§ **Supplied data**:
++++
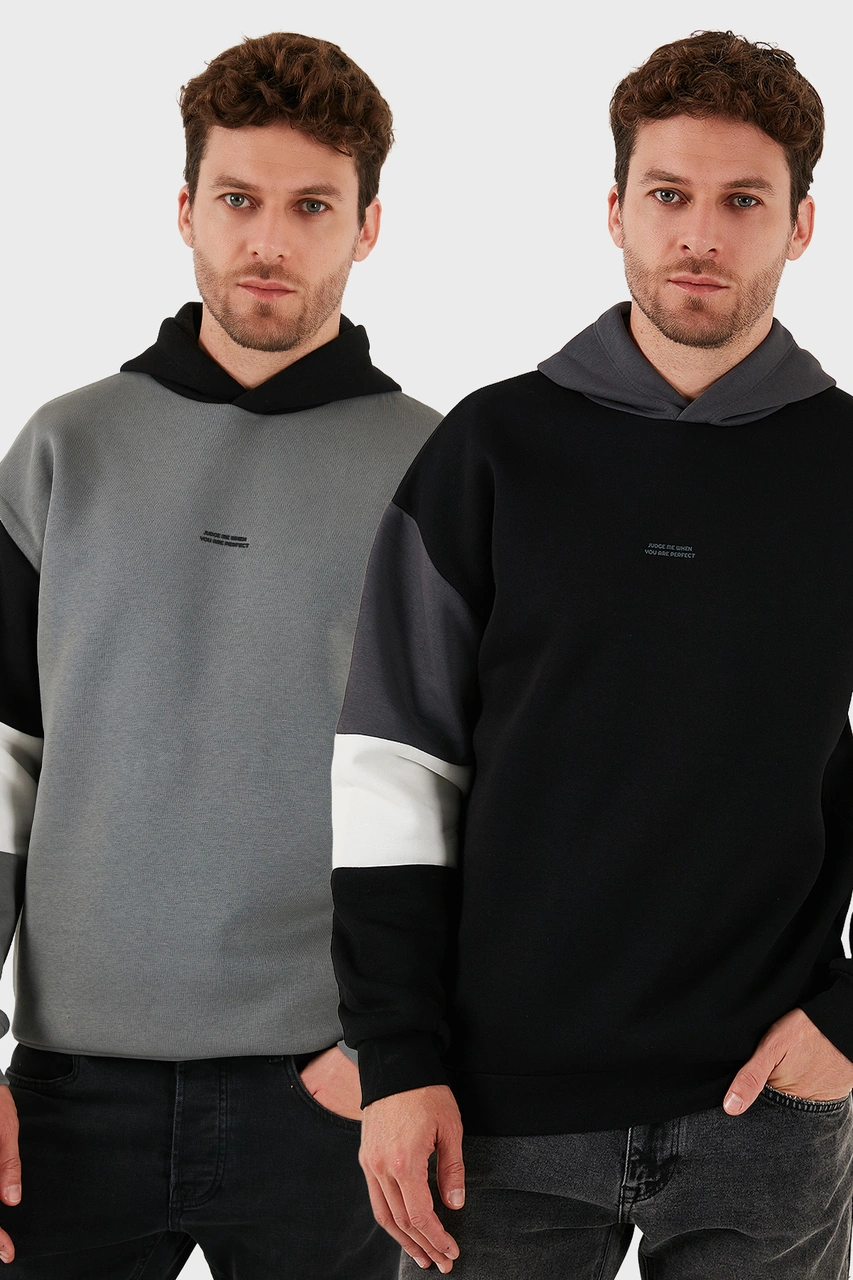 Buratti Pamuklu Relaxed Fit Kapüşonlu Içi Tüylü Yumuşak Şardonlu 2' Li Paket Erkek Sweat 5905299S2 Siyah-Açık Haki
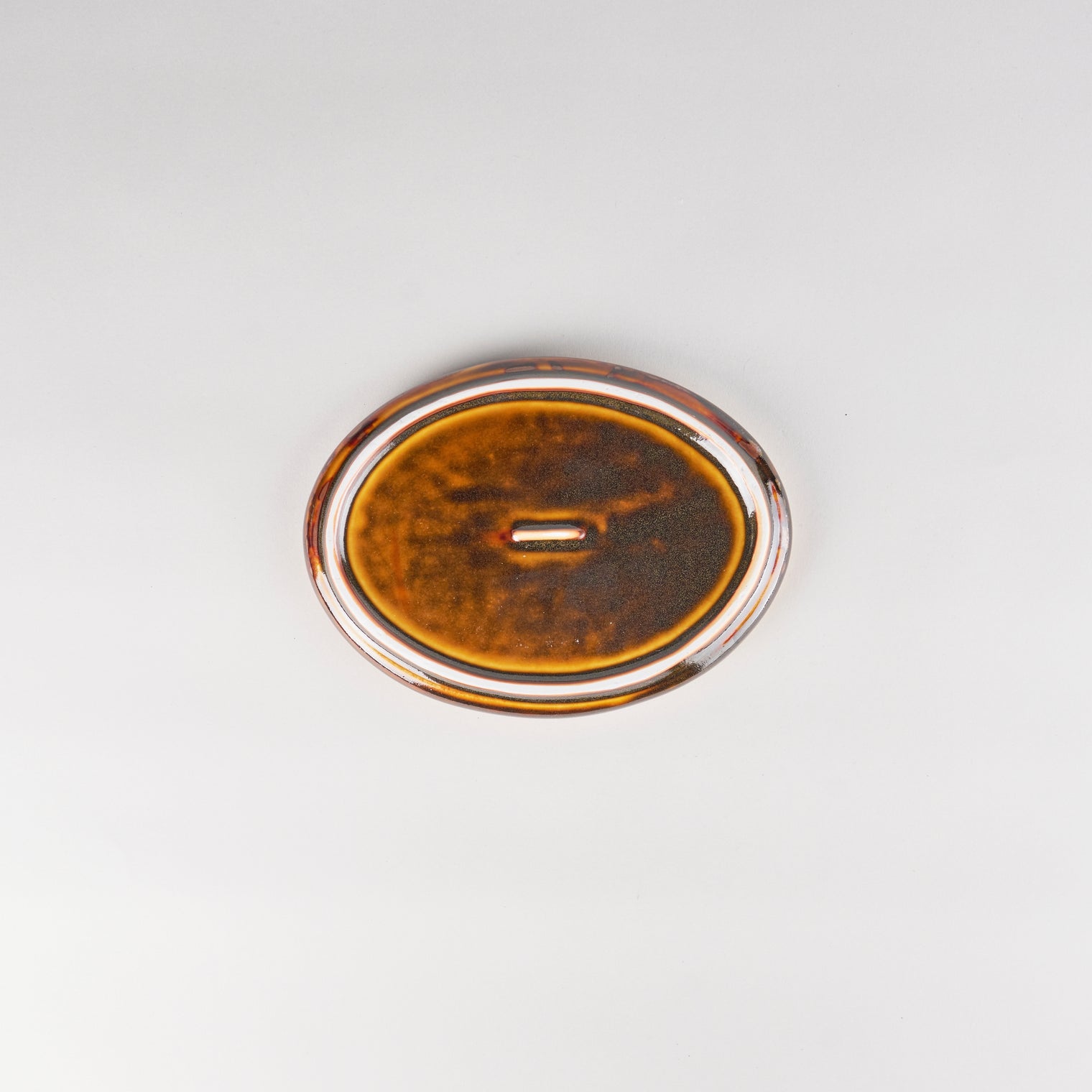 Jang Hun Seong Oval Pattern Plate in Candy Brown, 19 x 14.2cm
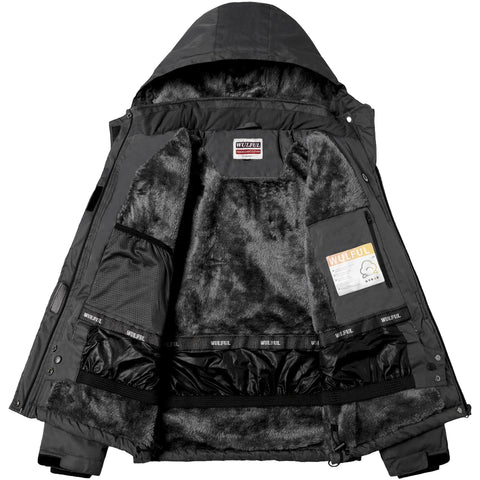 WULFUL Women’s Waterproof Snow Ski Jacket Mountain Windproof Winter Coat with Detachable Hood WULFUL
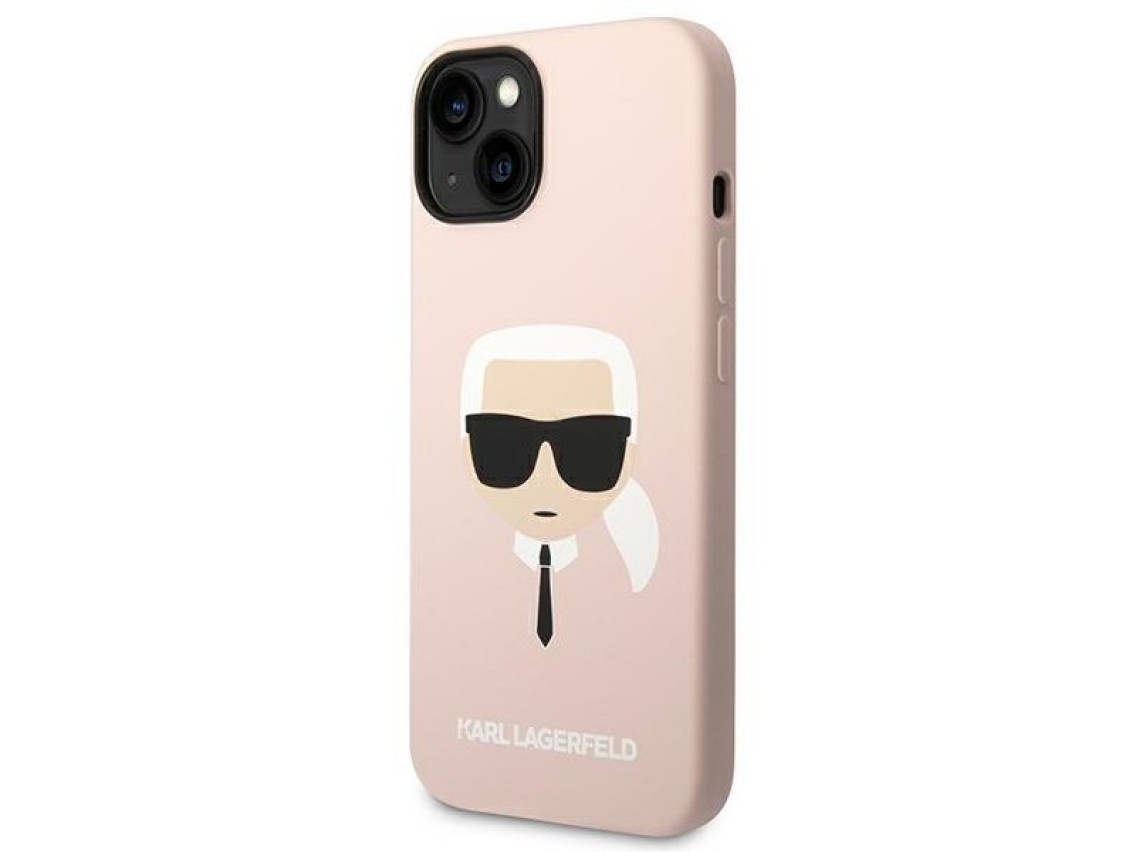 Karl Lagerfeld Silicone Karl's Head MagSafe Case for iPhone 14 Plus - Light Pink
++++
§ **About this exercise**:
The response should restate the material above word for word and contain no pictures.

§ **The answer**:
 Buratti Pamuklu Relaxed Fit Kapüşonlu Içi Tüylü Yumuşak Şardonlu 2' Li Paket Erkek Sweat 5905299S2 Siyah-Açık Haki
 Jang Hun Seong Oval Pattern Plate in Candy Brown, 19 x 14.2cm
 WULFUL Women’s Waterproof Snow Ski Jacket Mountain Windproof Winter Coat with Detachable Hood WULFUL
 Karl Lagerfeld Silicone Karl's Head MagSafe Case for iPhone 14 Plus - Light Pink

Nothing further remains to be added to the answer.